Normalization

In databases you will inevitably have some inconsistencies and duplicate information. Such duplication can cause extra work and inconsistencies if the data is updated, because you must change it in more than one place.

Normalization is the process of organizing your data to reduce redundant data, often by dividing larger tables into multiple relatable tables.

As you begin the normalization process, it’s important to recognize that you focus on normalizing each table until you’ve reached the required normal form level.

Normalization usually results in creating more tables, and once all the tables are normalized, you will have a normalized database. There are several forms of normalization, and most data engineers will need to be familiar with the first normal form, second normal form, and third normal form.

1NF


For a table to be in the first normal form, each row must be unique and each cell must contain only a single value. First normal form is also called 1NF.

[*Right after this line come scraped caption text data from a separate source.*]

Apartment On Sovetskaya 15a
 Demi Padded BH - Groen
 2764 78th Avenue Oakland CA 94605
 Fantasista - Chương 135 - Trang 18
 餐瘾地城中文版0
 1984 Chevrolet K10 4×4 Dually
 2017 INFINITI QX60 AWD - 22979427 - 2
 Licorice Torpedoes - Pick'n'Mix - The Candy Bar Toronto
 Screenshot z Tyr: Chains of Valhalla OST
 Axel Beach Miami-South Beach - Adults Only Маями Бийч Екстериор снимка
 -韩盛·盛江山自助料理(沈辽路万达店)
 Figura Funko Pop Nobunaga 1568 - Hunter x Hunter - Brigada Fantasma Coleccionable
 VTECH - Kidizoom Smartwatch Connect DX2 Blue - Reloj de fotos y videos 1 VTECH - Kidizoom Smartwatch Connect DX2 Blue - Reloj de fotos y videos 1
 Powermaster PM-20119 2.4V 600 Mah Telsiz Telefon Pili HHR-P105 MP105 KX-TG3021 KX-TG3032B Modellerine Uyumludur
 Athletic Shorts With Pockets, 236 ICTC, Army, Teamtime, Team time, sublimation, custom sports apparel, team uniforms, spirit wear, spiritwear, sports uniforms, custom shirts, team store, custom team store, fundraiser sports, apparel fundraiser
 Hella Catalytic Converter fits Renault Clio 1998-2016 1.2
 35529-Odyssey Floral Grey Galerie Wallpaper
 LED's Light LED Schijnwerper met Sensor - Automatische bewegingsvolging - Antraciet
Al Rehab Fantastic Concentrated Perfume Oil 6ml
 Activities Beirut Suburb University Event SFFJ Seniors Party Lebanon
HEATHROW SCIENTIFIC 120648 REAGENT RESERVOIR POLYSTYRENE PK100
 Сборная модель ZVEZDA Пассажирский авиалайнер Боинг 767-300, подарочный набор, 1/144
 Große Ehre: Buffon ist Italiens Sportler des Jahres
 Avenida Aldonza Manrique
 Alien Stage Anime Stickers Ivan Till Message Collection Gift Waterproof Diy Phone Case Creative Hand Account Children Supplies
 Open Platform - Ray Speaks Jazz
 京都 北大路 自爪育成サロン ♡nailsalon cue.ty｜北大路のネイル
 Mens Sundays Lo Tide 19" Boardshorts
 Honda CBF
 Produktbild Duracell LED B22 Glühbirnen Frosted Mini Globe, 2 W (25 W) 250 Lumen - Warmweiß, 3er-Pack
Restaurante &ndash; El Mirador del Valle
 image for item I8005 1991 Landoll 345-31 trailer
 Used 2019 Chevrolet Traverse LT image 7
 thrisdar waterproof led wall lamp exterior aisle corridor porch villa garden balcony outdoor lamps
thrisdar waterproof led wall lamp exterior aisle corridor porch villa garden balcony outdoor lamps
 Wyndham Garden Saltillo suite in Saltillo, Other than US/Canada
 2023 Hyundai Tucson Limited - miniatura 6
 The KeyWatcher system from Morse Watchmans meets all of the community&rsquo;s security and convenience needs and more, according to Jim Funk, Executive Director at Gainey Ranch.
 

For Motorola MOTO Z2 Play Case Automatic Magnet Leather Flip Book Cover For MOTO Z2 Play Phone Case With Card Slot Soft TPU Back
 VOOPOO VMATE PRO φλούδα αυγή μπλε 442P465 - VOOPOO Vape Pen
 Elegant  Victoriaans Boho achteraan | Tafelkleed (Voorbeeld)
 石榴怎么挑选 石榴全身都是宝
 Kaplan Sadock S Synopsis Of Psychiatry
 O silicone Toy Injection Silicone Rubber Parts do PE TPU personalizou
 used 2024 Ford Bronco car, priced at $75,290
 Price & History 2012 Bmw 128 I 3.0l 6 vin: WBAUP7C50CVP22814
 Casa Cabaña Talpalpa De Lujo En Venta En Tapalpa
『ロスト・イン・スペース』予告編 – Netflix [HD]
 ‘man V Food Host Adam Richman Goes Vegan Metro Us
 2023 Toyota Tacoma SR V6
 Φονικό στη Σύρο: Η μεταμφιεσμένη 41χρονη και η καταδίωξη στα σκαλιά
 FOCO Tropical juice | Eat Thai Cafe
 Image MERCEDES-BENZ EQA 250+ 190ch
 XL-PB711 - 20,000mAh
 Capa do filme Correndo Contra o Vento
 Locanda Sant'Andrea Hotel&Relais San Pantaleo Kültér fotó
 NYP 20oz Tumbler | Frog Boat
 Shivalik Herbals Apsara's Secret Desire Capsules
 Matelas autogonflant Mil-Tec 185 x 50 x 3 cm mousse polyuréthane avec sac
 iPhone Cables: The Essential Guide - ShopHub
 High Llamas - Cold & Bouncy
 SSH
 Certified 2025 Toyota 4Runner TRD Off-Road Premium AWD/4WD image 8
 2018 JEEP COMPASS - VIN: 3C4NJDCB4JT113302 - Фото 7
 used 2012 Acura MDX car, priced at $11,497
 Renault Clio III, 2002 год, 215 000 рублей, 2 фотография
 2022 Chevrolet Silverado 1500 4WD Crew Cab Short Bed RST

Here you see this table is not 1NF because some columns have multiple values

Normalize

-- Drop the tables in case they exist

DROP TABLE IF EXIXTS BookShop;
DROP TABLE IF EXISTS BookShop_AuthorDetails;

-- Create the table

CREATE TABLE BookShop (
    BOOK_ID VARCHAR(4) NOT NULL, 
    TITLE VARCHAR(100) NOT NULL, 
    AUTHOR_NAME VARCHAR(30) NOT NULL, 
    AUTHOR_BIO VARCHAR(250),
    AUTHOR_ID INTEGER NOT NULL, 
    PUBLICATION_DATE DATE NOT NULL, 
    PRICE_USD DECIMAL(6,2) CHECK(Price_USD>0) NOT NULL
    );

-- Insert sample data into the table

INSERT INTO BookShop VALUES
('B101', 'Introduction to Algorithms', 'Thomas H. Cormen', 'Thomas H. Cormen is the co-author of Introduction to Algorithms, along with Charles Leiserson, Ron Rivest, and Cliff Stein. He is a Full Professor of computer science at Dartmouth College and currently Chair of the Dartmouth College Writing Program.', 123 , '2001-09-01', 125),
('B201', 'Structure and Interpretation of Computer Programs', 'Harold Abelson', ' Harold Abelson, Ph.D., is Class of 1922 Professor of Computer Science and Engineering in the Department of Electrical Engineering and Computer Science at MIT and a fellow of the IEEE.', 456, '1996-07-25', 65.5),
('B301', 'Deep Learning', 'Ian Goodfellow', 'Ian J. Goodfellow is a researcher working in machine learning, currently employed at Apple Inc. as its director of machine learning in the Special Projects Group. He was previously employed as a research scientist at Google Brain.', 369, '2016-11-01', 82.7),
('B401', 'Algorithms Unlocked', 'Thomas H. Cormen', 'Thomas H. Cormen is the co-author of Introduction to Algorithms, along with Charles Leiserson, Ron Rivest, and Cliff Stein. He is a Full Professor of computer science at Dartmouth College and currently Chair of the Dartmouth College Writing Program.', 123, '2013-05-15', 36.5),
('B501', 'Machine Learning: A Probabilistic Perspective', 'Kevin P. Murphy', '', 157, '2012-08-24', 46);

-- Retrieve all records from the table

SELECT * FROM BookShop;

Now you see it does pass the 1NF:

  • Each cell in the table now has only one entry, and so
  • the table is in the first normal form.

2NF


The database must already be in first normal form, which involves ensuring that every row in the table is unique, and that each cell contains only a single value. Second normal form specifies that you should separate groups of values that apply to multiple rows by creating new tables. Second normal form is also referred to as 2NF.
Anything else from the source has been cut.